The invention discloses a vegetable leaf scab segmentation method based on color information and a server. Wherein the method comprises the following steps: acquiring the scab leaf images of the vegetables, and preprocessing the scab leaf images; respectively extracting the color characteristics of the preprocessed scab leaf images in different color spaces; constructing comprehensive color feature detection filtering according to the color features of the different color spaces; detecting and filtering according to the comprehensive color features to obtain a comprehensive color feature map corresponding to the scab leaf image; and segmenting the scab in the scab leaf image according to the comprehensive color feature map. The server is used for executing the method. The vegetable leaf scab segmentation method and the server based on the color information improve the accuracy of scab segmentation in the scab leaf image.

Description

Vegetable leaf scab segmentation method based on color information and server
Technical Field
The invention relates to the technical field of image processing, in particular to a vegetable leaf scab segmentation method based on color information and a server.
Background
In greenhouse vegetable planting, diseases are one of main factors causing the reduction of vegetable quality, and the method accurately identifies and diagnoses the diseases and has important significance for greenhouse vegetable planting.

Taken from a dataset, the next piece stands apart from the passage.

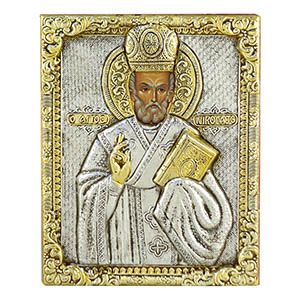 Εικόνα Άγιος Νικόλαος Επιμεταλλωμένη 20x16cm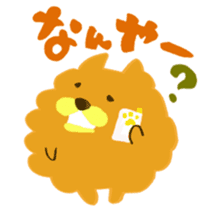 Chataro and Dialect of Kanazawa 002 sticker #6768954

The key for accurately identifying the diseases is to accurately acquire the disease spot information, and the method for extracting the disease spot image information from the leaf images acquired in the field based on the image segmentation method is one of the most main ways for acquiring the disease information at present. The color information is the most direct information for distinguishing diseased leaf from normal leaf, but the color information is very easily influenced by the illumination condition. In the field, the image collected under the actual condition is interfered by the background, uneven illumination and the like of image collection, so that the identifiability of the scab in the collected blade image is reduced, and the difficulty in judging the scab image is caused.
Therefore, it is an urgent need in the art to provide a method for processing an acquired lesion leaf image under the conditions of non-uniform illumination conditions, complex leaf image acquisition background, and the like, so as to improve the accuracy of lesion segmentation in the lesion leaf image.
Disclosure of Invention
Aiming at the defects in the prior art, the invention provides a vegetable leaf scab segmentation method based on color information and a server.
On one hand, the invention provides a vegetable leaf scab segmentation method based on color information, which comprises the following steps:
acquiring the scab leaf images of the vegetables, and preprocessing the scab leaf images;
respectively extracting the color characteristics of the preprocessed scab leaf images in different color spaces;
constructing comprehensive color feature detection filtering according to the color features of the different color spaces;
detecting and filtering according to the comprehensive color features to obtain a comprehensive color feature map corresponding to the scab leaf image;
and segmenting the scab in the scab leaf image according to the comprehensive color feature map.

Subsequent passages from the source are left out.